*** Begin section ***
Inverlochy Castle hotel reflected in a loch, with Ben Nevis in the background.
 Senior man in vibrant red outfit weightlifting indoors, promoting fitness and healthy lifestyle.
*** End section ***
*** Begin section ***
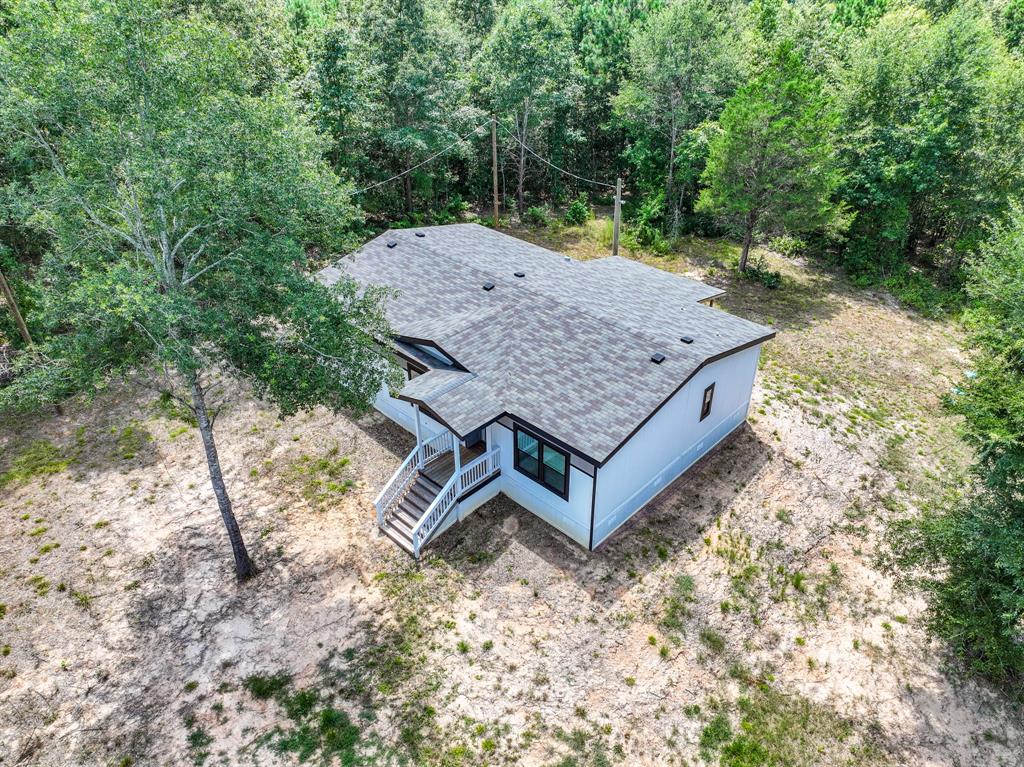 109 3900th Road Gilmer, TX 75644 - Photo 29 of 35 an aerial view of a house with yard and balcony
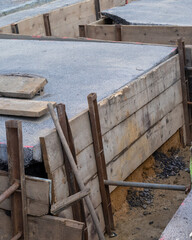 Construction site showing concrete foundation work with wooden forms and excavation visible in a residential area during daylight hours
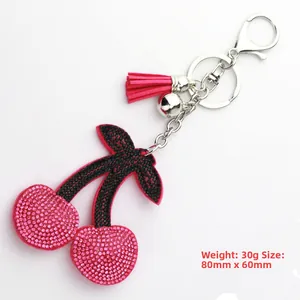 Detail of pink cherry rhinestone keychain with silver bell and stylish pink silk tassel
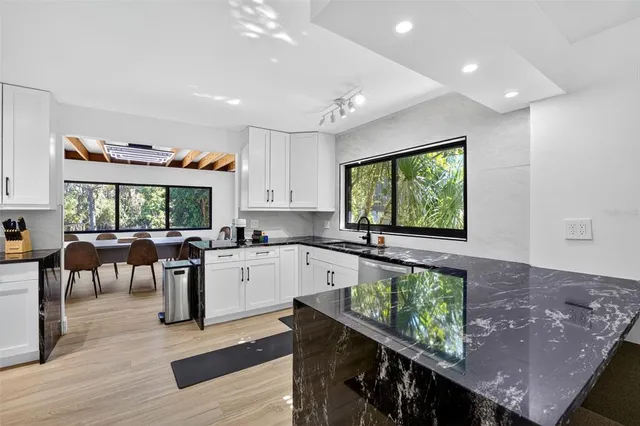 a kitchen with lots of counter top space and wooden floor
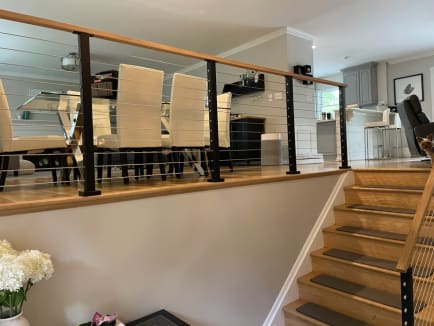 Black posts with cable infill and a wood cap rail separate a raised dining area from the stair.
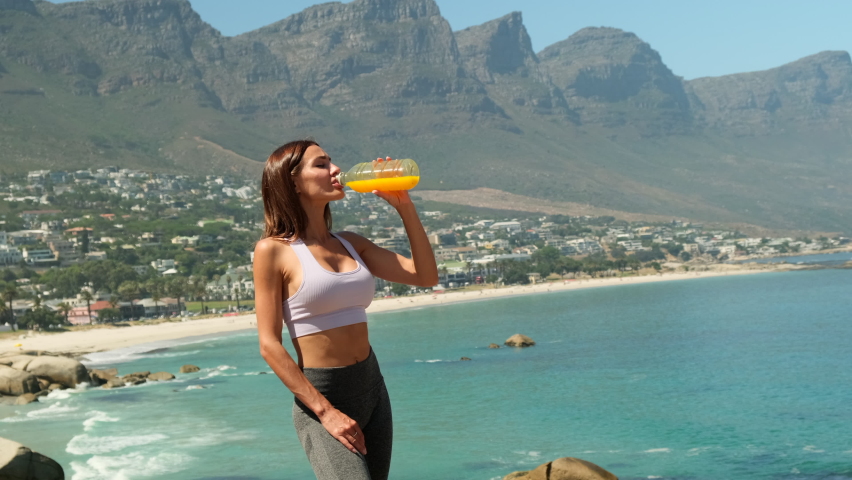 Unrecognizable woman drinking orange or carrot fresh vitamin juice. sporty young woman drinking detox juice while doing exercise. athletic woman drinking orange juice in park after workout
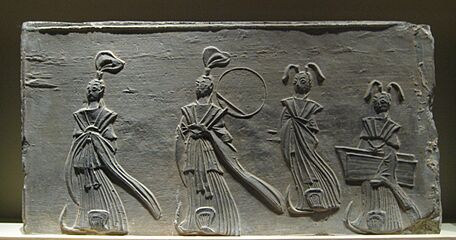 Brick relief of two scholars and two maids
*** End section ***
Only one stretch of the listing above is to be duplicated: the lines from the one containing "Detail of pink" through the one containing "Black posts with", both included. Copy them exactly, minus the pictures.

 Detail of pink cherry rhinestone keychain with silver bell and stylish pink silk tassel
 a kitchen with lots of counter top space and wooden floor
 Black posts with cable infill and a wood cap rail separate a raised dining area from the stair.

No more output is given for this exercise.